WHAT TO DO:
Please write out every line of the material, leaving out any picture.

DATA:
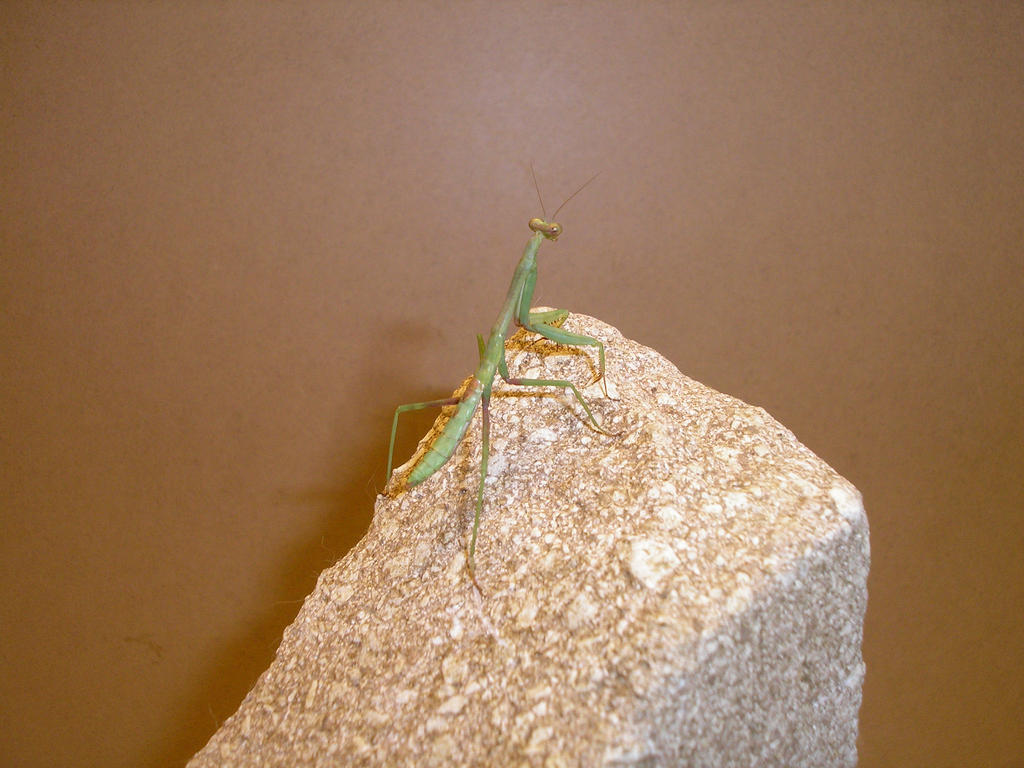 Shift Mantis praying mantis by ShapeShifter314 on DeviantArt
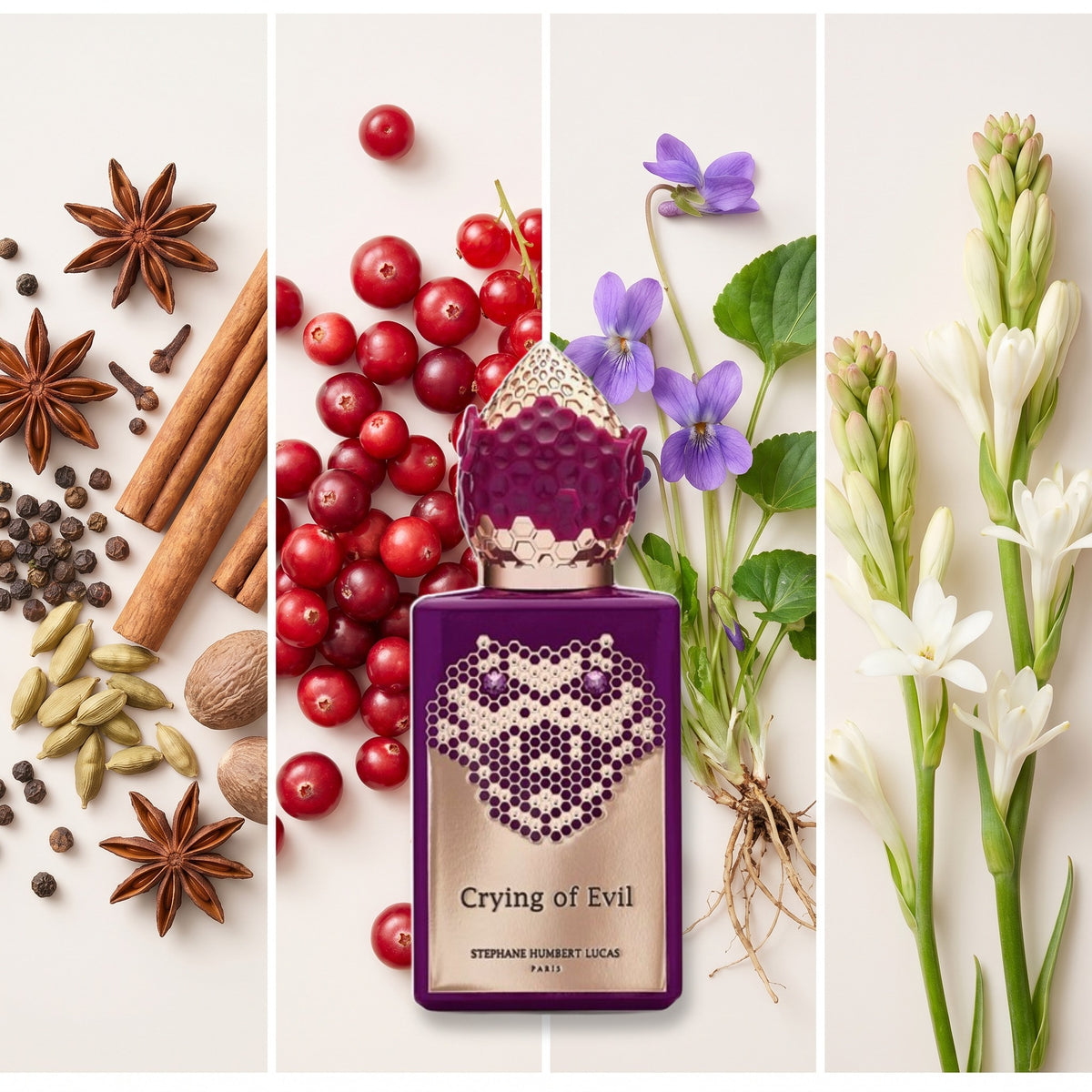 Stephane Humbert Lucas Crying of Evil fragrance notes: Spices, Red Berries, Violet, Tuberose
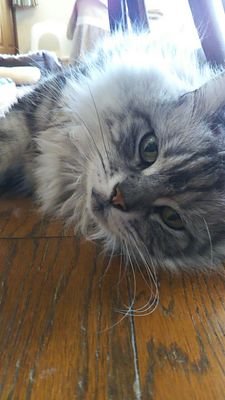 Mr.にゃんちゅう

ANSWER TO THIS EXERCISE:
 Shift Mantis praying mantis by ShapeShifter314 on DeviantArt
 Stephane Humbert Lucas Crying of Evil fragrance notes: Spices, Red Berries, Violet, Tuberose
 Mr.にゃんちゅう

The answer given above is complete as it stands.